In real time, Parfeny and Ksenia are in Paris consulting with renowned director Jean-Marie Leclerc on his film version of History, in which actors portray them as main characters and their lives as plot. This two-strand interlocking narrative—the Island’s historical arc on the one hand and the royal couple’s contemporary experiences on the other—form a parallel structure that unites public and personal meaning. Vodolazkin shows his chops as a craftsman here as the novel weaves the narrative strands together, sometimes in isolated events, sometimes in repetitions, patterns, cycles, inversions, chiasms, and returns. These interweaving threads are not literary posturing; they serve a meaning-making function in the story. If the battle between Good and Evil is the truer story, then isn’t everything meaningful? What if it all converges toward a benevolent end? And if so, how shall we live?
Meanwhile, chaos brews on the Island and the righteous Parfeny and Ksenia are in exile. What then? If Socrates is right and the city is like the soul, how does the trajectory of the history of the Island intersect with the miraculous lives of its righteous rulers? Why have they lived so long, and does it have anything to do with the lost prophecy of Agafon the Forward-Looking, whose prognostication about the fate of the Island was famously removed for safe-keeping by Prokopy the Nasal, who unfortunately died without revealing its whereabouts? The text of History conceals as much as it reveals, demonstrating that even if we accept that history is moral and meaningful, it also remains mysterious.
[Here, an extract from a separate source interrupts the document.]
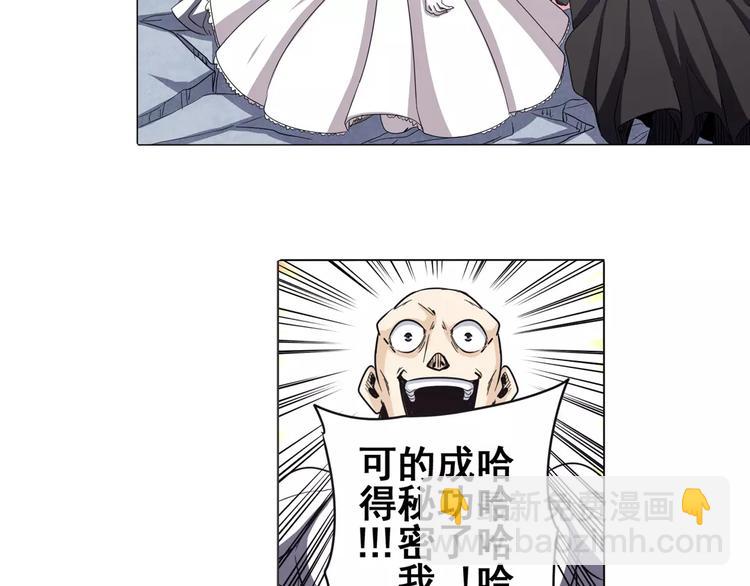 🍜英雄再临（英雄？我早就不当了） 第41话 第20页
In the end, the miraculous Parfeny and Ksenia discover that a miracle is never itself the answer, but is instead an invitation to the true healing of the city and the soul, which is, of course, courageous and sacrificial love. At some point, historical complexities, prophetic declarations, ethical dilemmas, cultural heritage, and human frailties, however meaningful, cease to matter in the face of immense suffering when what is needed is not final answers, but intervening grace. And perhaps the history of the Island and the lives of its rulers were always destined to merge in a great crisis that is also a great reckoning. In this overlapping chronicle of society and selfhood, all of the sins, sicknesses, and sufferings of a troubled history eventually encounter the deepest mystery of all–the human capacity to love.